The degradation design for UC1 (support agent assist):
When Claude is unavailable (circuit open or all retries exhausted):
1. The agent UI banner: "AI assistance temporarily limited —
suggested responses may be slower or unavailable."
2. Existing rule-based suggestions continue (pre-Claude playbook —
these run in the bank's existing CRM layer, no dependency on Claude).
3. If agent needs help beyond rule-based: one-click escalation to
senior agent / specialist queue.
4. All affected interactions are flagged in the audit log for
post-incident review.
5. Recovery: when circuit closes, the UI banner disappears automatically.
No agent action required.
What you do NOT do:
- Show an error message to the end customer ("AI is down")
- Let the agent see a blank response with no fallback
- Let the application spin indefinitely (timeout must be enforced)
- Re-enable Claude automatically without a smoke test ("half-open" state in circuit breaker handles this)
SLA design: 99.9% vs. 99.95%
| SLA | Allowed downtime/month | Equivalent |
|---|---|---|
| 99.9% | ~43 minutes | Acceptable for internal tools (SOP search, RM copilot) |
| 99.95% | ~22 minutes | Appropriate for customer-facing (support agent assist) |
| 99.99% | ~4 minutes | Reserved for core banking — not appropriate for AI layer |
Reality check: The Apic API / Bedrock SLA is 99.9% by contractual terms. Your application-level SLA cannot exceed the provider's SLA unless you build multi-provider redundancy (Bedrock + Vertex, with failover). For most BFSI deployments, 99.9% is achievable; 99.95% requires active-active multi-region or multi-provider.
The BFSI recommendation:
- UC1, UC2, UC3 (customer/employee-facing, synchronous): target 99.9% application SLA; document that 99.95% requires multi-provider investment
- UC4, UC6 (async, batch-tolerant): 99.5% is acceptable (retry windows absorb downtime)
- UC5 (developer productivity): 99.0% is acceptable (developer tolerance for tool outages is higher)
The CISO will ask about the SLA. The honest answer: "Claude's hosted SLA is 99.9%. Our application adds retry, circuit breaker, and fallback to get our effective application-level availability above that.
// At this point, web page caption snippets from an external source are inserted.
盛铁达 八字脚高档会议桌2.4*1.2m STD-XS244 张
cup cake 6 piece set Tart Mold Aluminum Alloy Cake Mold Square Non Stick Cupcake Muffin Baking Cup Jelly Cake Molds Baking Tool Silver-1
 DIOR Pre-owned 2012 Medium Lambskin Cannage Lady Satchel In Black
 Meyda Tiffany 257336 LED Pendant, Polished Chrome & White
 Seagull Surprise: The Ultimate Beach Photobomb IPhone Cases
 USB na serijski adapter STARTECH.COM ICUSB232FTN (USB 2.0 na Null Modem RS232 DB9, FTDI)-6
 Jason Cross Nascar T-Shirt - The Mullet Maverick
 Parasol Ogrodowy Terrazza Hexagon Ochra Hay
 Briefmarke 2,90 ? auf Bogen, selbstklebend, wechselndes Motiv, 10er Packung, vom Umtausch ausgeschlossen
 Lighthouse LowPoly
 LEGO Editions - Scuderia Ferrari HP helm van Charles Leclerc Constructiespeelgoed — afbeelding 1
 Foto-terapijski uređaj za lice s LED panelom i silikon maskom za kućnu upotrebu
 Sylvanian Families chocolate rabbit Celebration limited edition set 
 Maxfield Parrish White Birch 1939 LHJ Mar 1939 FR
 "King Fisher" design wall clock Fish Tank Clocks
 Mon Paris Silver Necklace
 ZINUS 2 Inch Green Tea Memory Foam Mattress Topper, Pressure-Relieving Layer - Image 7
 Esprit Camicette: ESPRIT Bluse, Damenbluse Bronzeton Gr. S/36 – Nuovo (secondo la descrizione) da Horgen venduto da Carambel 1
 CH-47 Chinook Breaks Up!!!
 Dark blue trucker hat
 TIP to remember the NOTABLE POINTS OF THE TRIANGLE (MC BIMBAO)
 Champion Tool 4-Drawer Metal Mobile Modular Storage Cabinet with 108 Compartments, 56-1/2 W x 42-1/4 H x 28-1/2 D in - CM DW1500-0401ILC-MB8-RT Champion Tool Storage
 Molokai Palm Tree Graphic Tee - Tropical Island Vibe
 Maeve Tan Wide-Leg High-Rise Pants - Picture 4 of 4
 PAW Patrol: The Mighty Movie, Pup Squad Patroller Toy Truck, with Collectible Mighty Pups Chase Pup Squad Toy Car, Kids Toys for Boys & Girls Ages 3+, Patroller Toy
We've tested for the 43-minute scenario. If you need 99.95%, we need to scope a multi-provider architecture and the additional cost."
Cross-references
- Note 02 — Latency Architecture — latency budget and timeout design
- Note 04 — Observability — error rate alerting, circuit breaker metrics
- Note 05 — Production Readiness Review — reliability section of PRR
- Drill 03 — Blast Radius Conversation
- Module 09 — Security, Privacy, Governance
Strong-Hire bar for this file
- Names the failure taxonomy and distinguishes retryable from non-retryable failures
- Specifies retry parameters with jitter and explains why jitter prevents thundering herd
- Describes the five-level fallback hierarchy with specific BFSI fallback behavior at each level
- Explains circuit breaker states and gives concrete thresholds for the BFSI use cases
- Directly answers the CISO question: "what happens in the 30 seconds after Claude goes down?"
The interview-room answer (60 sec)
"Reliability for Claude deployments has three layers. First: retry strategy — exponential backoff with full jitter, max three attempts for synchronous, separate retry budgets for 429 rate limits versus 529 overload. Never retry a 400 — that's your bug. Second: fallback hierarchy — retry same model, downgrade to cheaper tier, serve cached static response, escalate to human. The model downgrade is underused and very effective; Haiku on fallback completes the interaction at lower quality rather than failing. Third: circuit breaker — when error rate exceeds 25% over 60 seconds, fail fast to fallback without retrying. This is what answers the CISO's question: 30 seconds after Claude goes down, every support agent call is already routing to the Genesys human queue via the open circuit, not timing out after 8 seconds each. The difference is whether your customers experience a 3-second degraded experience or a 30-second failure."